Sampainya di kediaman, Fatan langsung mendapati Kiai dan Nyai sedang duduk di ruang utama.

"Assalamualaikum... "

Ucap Fatan lalu langsung menunduk menyalami dan menciumi punggung tangan Kiai yang sudah dianggap orangtuanya sendiri tersebut.

"Waalaikumussalam .. Duduk Ust!"

Kiai menyilahkan Fatan untuk duduk di kursi panjang berhadapan dengannya.

Fatan menuruti perintah sang Kiai. Lalu bersiap menyimak setiap kata yang Akan dilontarkan oleh sang kiai.

"Begini Ust, antum kan sudah lama disini, dan sudah kami anggap anak kami sendiri... Umur antum berapa sudah Ust? "

Tanya Kiai.

"Sebentar lagi 30 Kiai... "

Jawab Fatan lalu menunduk.

"Nah, saya pikir sudah waktunya Ustadz ini untuk membina rumah tangga.. "

Ucap Nyai Sumayyah berikutnya.

Mendengar ucapan ibu Nyai Sumayyah, Fatan tersipu dan tersenyum malu malu.

"Bagaimana Ust? "

Tanya Nyai Sumayyah lagi.

"Hehehe..  Tidak ada yang mau ke saya nyai... "

Jawab Fatan polos.

"Hussshhhh...  Kata siapa coba? "

Kilah Nyai Sumayyah.

"Kalau kami ada calonnya bagaimana Ust?"

Tanya Nyai Sumayyah lagi dan lagi.

Jantung Fatan otomatis berhenti berdetak sejenak. Entah mengapa, secara otomatis, Sekelebat bayangan wajah Naya mengganggu pikirannya, membuat dia terkaget dan tersendat lalu batuk secara tidak sengaja.

Fatan terdiam.

"Bagaimana Ust?"

Fatan tetap diam lalu menatap kedua orangtua di hadapannya.

Dia pun mengulas memori betapa baiknya keduanya telah menerima dirinya sepenuh hati, mengajarkan ilmu agama padanya hingga saat ini dia bisa menjadi seorang Ustadz. Nampak sekali pengharapan yang sangat dari wajah beliau berdua, sehingga untuk menolak, sangat tidak mungkin.

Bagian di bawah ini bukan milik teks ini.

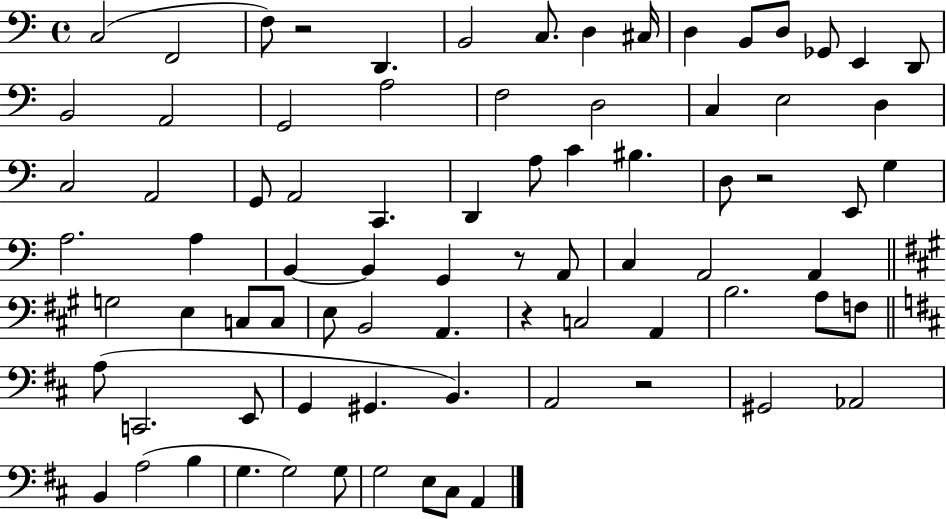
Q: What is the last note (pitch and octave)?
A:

Dengan nada suara gemetar, Fatan menjawab.

"Baik, ana akan coba Nyai Kiai... "

Kiai dan Nyai Sumayyah saling berhadapan dan tersenyum.

"Calonnya ini Insyaallah terbaik Ustadz...  Tapi.. Kekurangannya.. "

Penggal Nyai Sumayyah.

Fatan tersentak mendengar suara terakhir Nyai Sumayyah yang seolah olah dijeda.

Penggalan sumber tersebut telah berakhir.